◆ **Task item**:
Nothing outside the lines below from the one containing "Click on tabs." through the one containing "Every NetAlly Wired" is to be printed; print those exactly, ends included, and drop the pictures.

◆ **Recorded data**:

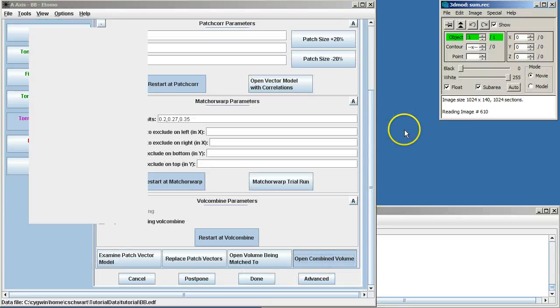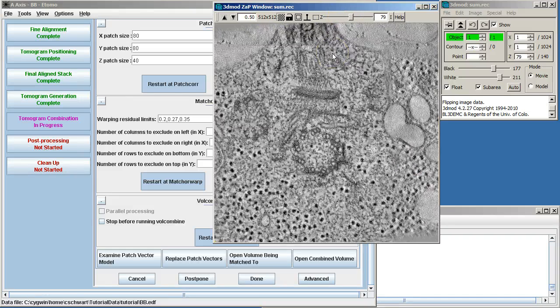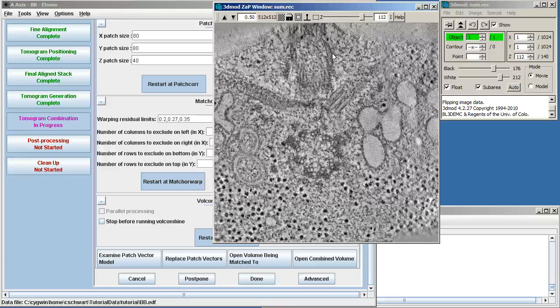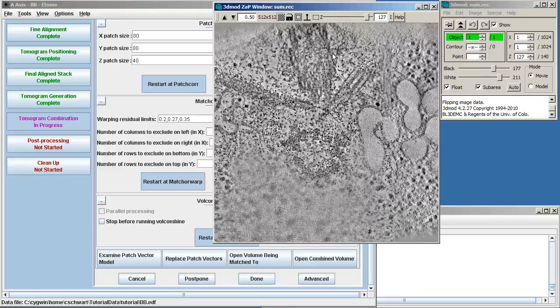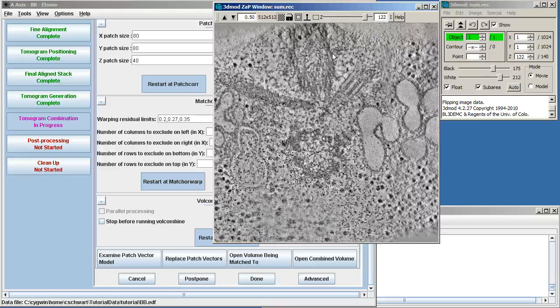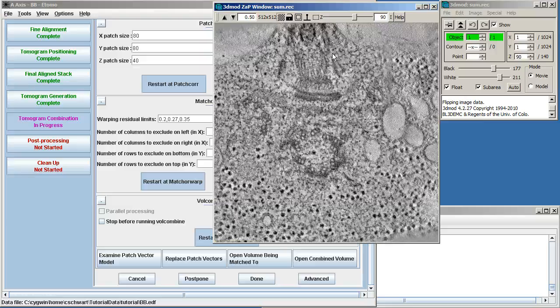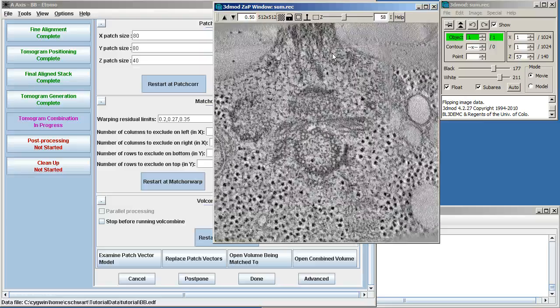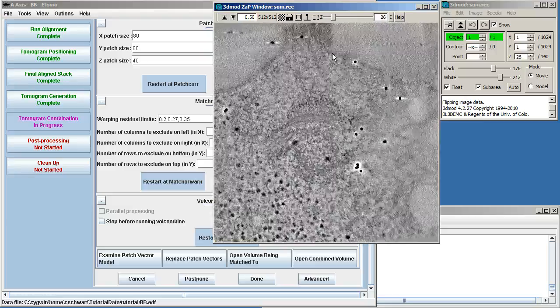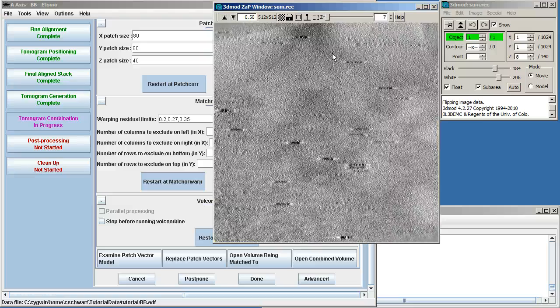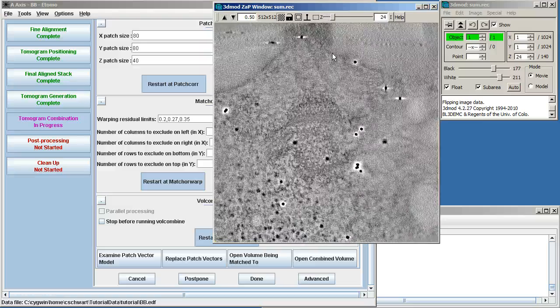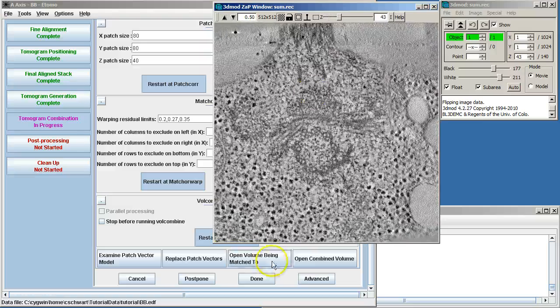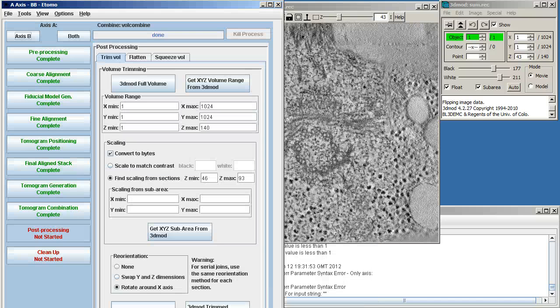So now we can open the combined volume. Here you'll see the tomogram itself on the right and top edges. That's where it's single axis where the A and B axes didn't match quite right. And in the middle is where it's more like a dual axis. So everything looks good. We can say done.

* * *

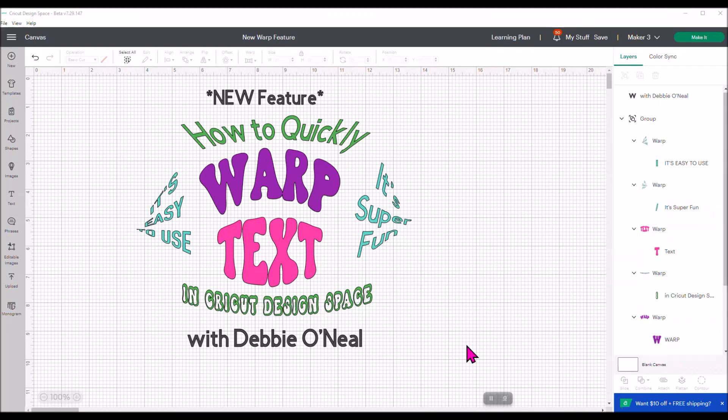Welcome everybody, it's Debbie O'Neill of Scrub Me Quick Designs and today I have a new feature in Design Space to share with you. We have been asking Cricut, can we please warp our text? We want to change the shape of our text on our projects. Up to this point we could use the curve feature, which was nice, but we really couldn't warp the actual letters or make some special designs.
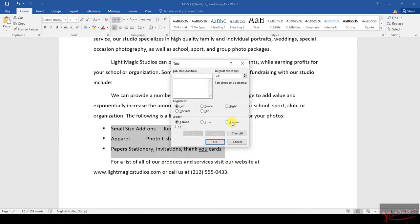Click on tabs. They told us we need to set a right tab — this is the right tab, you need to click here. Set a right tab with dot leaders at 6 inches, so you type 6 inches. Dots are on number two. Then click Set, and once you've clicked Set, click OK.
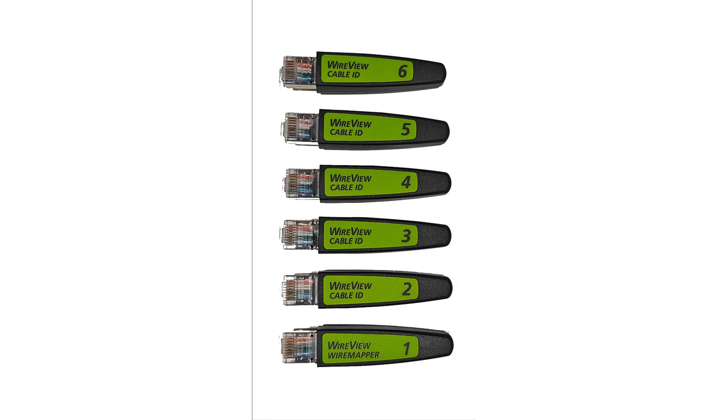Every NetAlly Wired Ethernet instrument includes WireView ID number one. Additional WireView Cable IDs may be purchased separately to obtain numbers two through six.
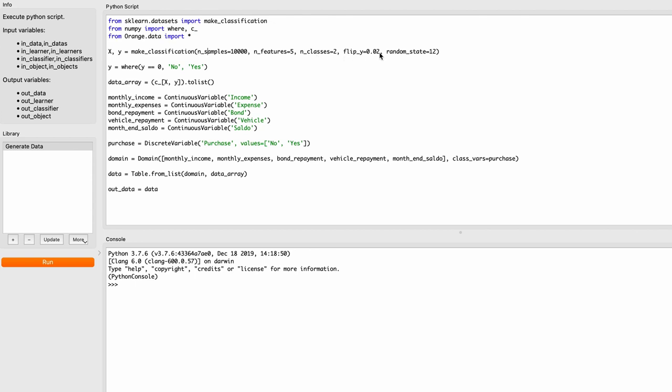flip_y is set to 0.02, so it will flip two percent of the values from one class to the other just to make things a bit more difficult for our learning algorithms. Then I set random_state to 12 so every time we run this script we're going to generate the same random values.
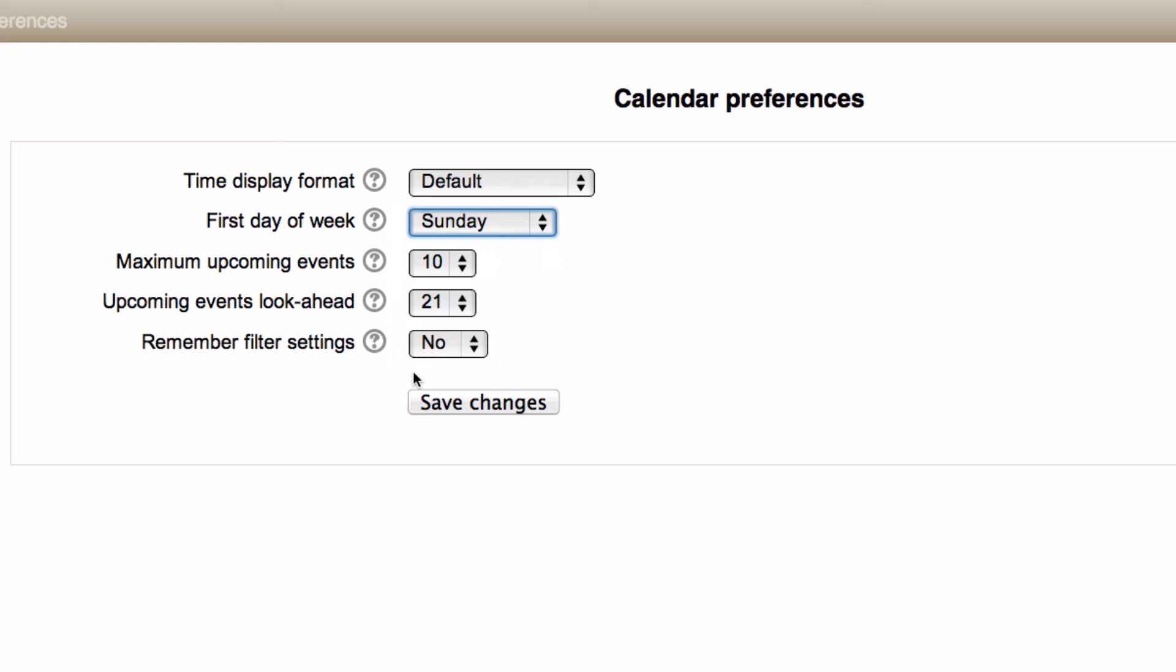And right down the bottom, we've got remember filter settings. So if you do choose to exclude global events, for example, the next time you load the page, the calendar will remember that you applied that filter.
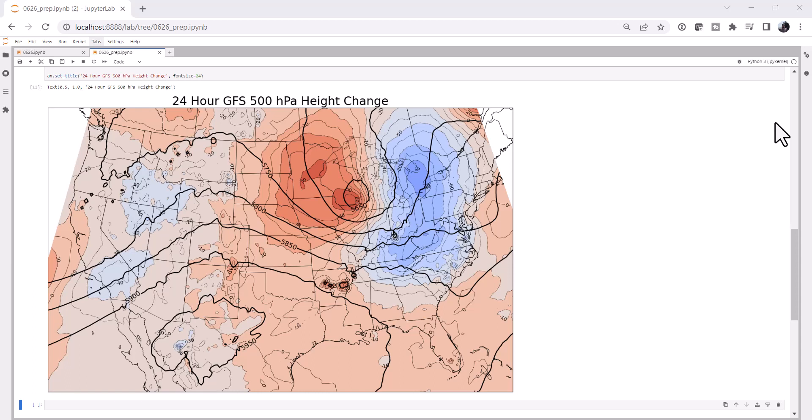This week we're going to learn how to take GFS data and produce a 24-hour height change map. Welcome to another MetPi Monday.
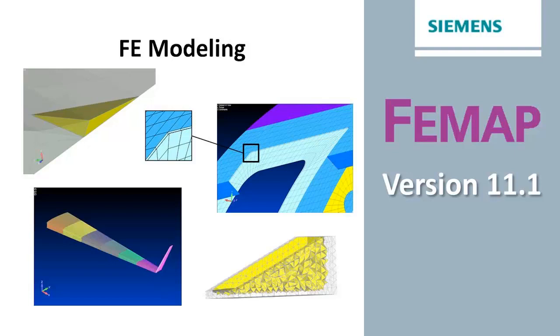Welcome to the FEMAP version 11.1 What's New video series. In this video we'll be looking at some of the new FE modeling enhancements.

◆ **Finished task**:
Click on tabs. They told us we need to set a right tab — this is the right tab, you need to click here. Set a right tab with dot leaders at 6 inches, so you type 6 inches. Dots are on number two. Then click Set, and once you've clicked Set, click OK.
Every NetAlly Wired Ethernet instrument includes WireView ID number one. Additional WireView Cable IDs may be purchased separately to obtain numbers two through six.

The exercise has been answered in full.